RECORDS SHOWN
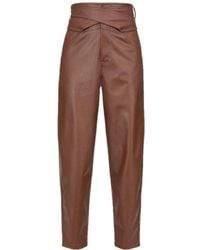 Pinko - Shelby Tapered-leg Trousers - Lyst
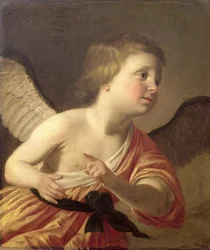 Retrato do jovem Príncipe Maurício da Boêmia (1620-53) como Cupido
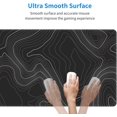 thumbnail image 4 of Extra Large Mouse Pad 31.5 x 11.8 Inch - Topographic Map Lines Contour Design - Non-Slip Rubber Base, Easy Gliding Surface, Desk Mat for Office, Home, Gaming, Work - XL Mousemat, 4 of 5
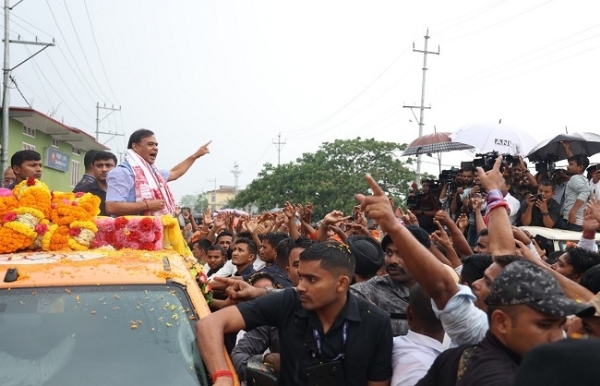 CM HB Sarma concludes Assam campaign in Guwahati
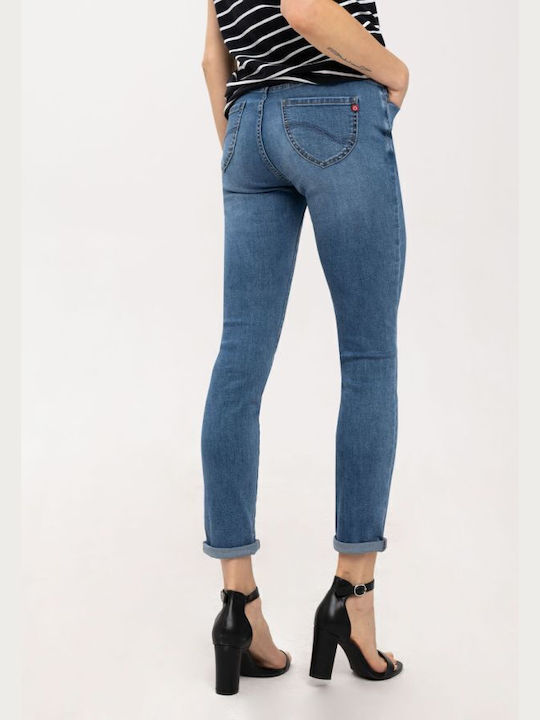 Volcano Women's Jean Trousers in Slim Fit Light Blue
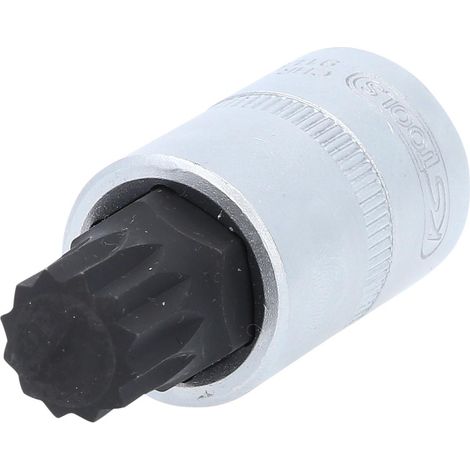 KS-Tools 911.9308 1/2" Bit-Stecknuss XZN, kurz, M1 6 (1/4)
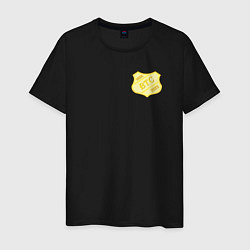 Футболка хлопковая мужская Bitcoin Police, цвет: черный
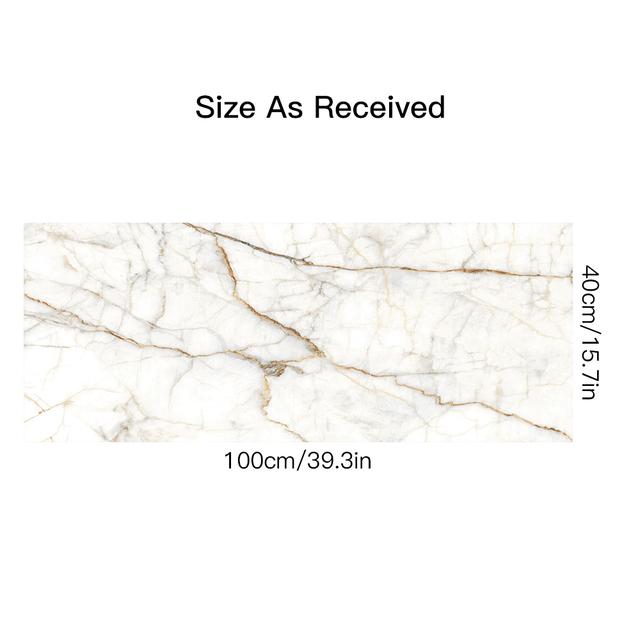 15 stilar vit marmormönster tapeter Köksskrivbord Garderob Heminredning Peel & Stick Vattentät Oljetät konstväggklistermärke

* * *

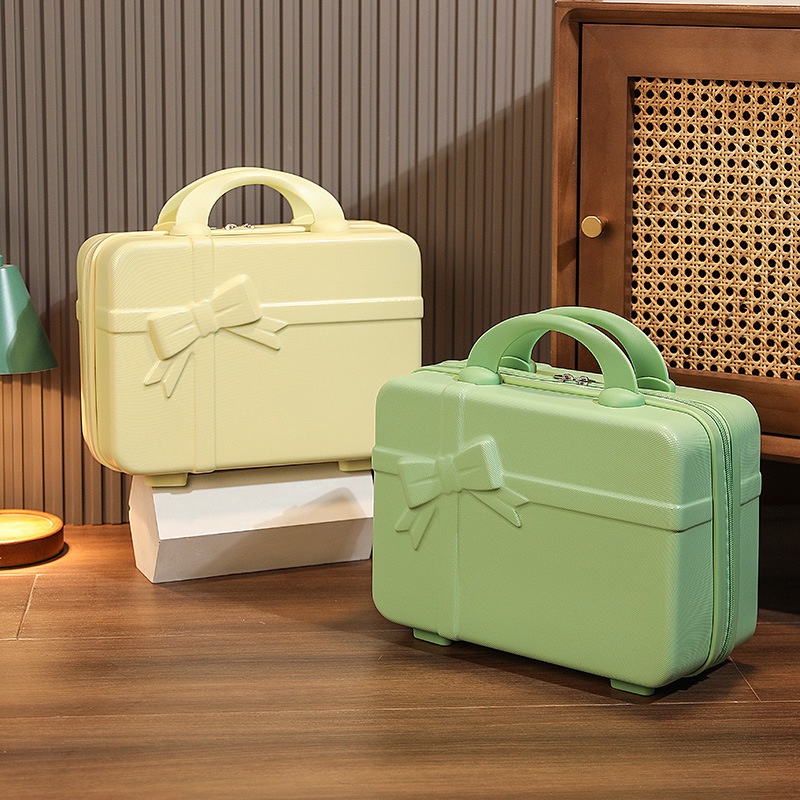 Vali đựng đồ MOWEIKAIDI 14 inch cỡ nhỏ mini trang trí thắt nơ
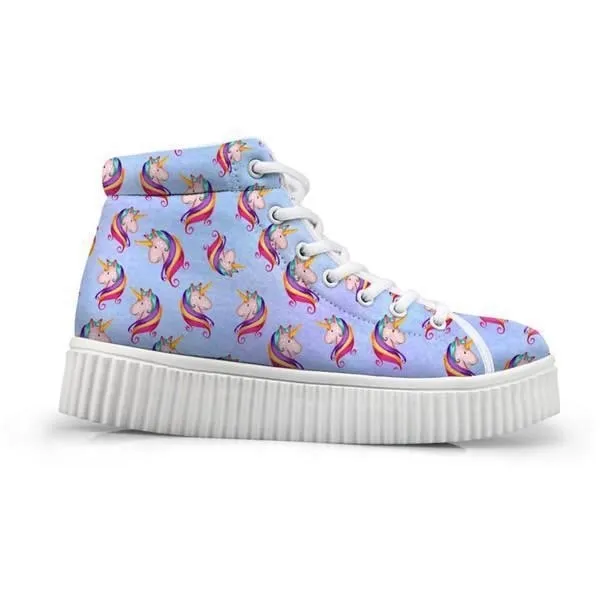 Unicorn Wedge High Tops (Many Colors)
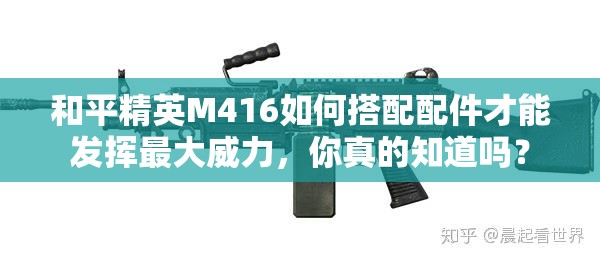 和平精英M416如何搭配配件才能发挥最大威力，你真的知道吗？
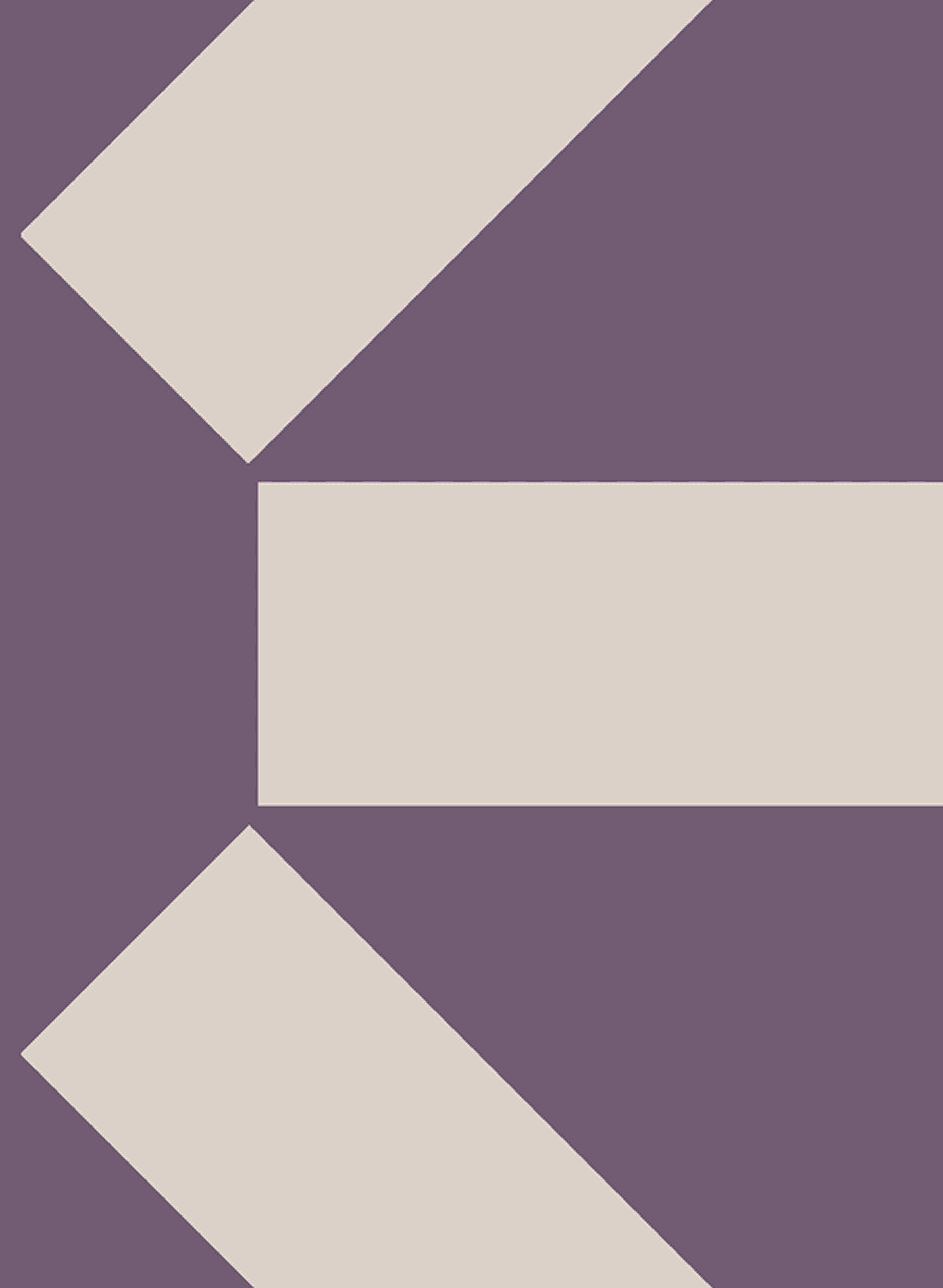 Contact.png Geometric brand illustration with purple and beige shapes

EXERCISE REQUIREMENTS
Begin at the line in the entries above that has "CM HB Sarma", stop after the line that has "15 stilar vit", and output exactly those lines without pictures.

SOLUTION TO THE PROBLEM
 CM HB Sarma concludes Assam campaign in Guwahati
 Volcano Women's Jean Trousers in Slim Fit Light Blue
 KS-Tools 911.9308 1/2" Bit-Stecknuss XZN, kurz, M1 6 (1/4)
 Футболка хлопковая мужская Bitcoin Police, цвет: черный
 15 stilar vit marmormönster tapeter Köksskrivbord Garderob Heminredning Peel & Stick Vattentät Oljetät konstväggklistermärke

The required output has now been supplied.